Dans la pluie de l’aube, sur la rocade ouest d’Allâhâbâd, deux cents chars lourds de l’armée awadhîe démarrent, pivotent sur leurs chenilles et quittent leurs positions pour se ranger en colonne. La circulation plus rapide, plus vive dépasse en vrombissant leur file de quatre kilomètres, à la direction toutefois évidente : le sud-sud-ouest, la route de Jabalpur. Le temps que les boutiques lèvent leur rideau de fer et que les salary-wallahs partent au travail dans leurs phut-phuts et leurs voitures de société, les crieurs de journaux le hurlent depuis leurs emplacements sur le béton du terre-plein central : RETRAIT DES TANKS ! ALLÂHÂBÂD SAUVÉE ! L’AWADH SE REPLIE SUR KUNDÂ KHÂDAR !

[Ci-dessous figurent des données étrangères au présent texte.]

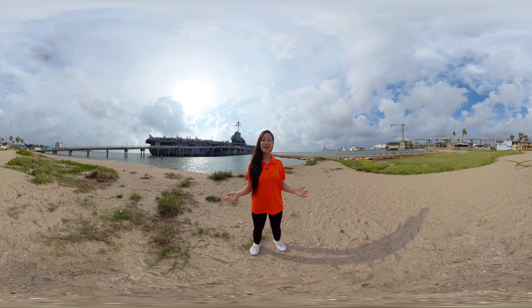Welcome to the virtual reality tour of the SGS facility in Corpus Christi, Texas. You can use your mouse to move the cursor left or right to view a 360-degree angle of any picture during this video.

Une autre Mercedes de l’inépuisable flotte primo-ministérielle bhâratîe attend l’Airbus Industries A510 de la Bharâtiya Vâyu Senâ qui s’immobilise loin des zones les plus actives de l’aéroport de Vârânacî. Des parapluies abritent le Premier ministre Ashok Rânâ depuis la passerelle jusqu’à la berline, qui s’éloigne dans le chuintement de ses pneus larges sur l’aire de stationnement mouillée. Un appel attend sur le communicateur. N.K. Jîvanjî. À nouveau. Il n’a pas du tout l’air qu’on attendrait du ministre de l’intérieur d’un Gouvernement de Salut National. Il a des informations inattendues à communiquer.
Dans cette foule, si elle lâche la main de Lull, elle est perdue.
La police armée essaye de dégager les rives. Ses porte-voix et les haut-parleurs montés sur le toit de ses camions claironnent à la foule de se disperser, aux gens de regagner leur foyer ou leur lieu de travail : l’ordre a été rétabli, ils ne courent aucun danger, pas le moindre danger. Certains, emportés par la panique générale alors qu’ils ne voulaient pas vraiment abandonner leur gagne-pain, font demi-tour. Certains n’accordent aucune confiance à la police, à leurs voisins ou aux déclarations contradictoires du gouvernement. Certains ne savent que faire, et ceux-là tournent en rond sans aller nulle part. Ces trois catégories plus les hummers militaires qui se faufilent dans les étroites galîs autour de la galî Vishvanâth bloquent complètement les rues et les ghâts.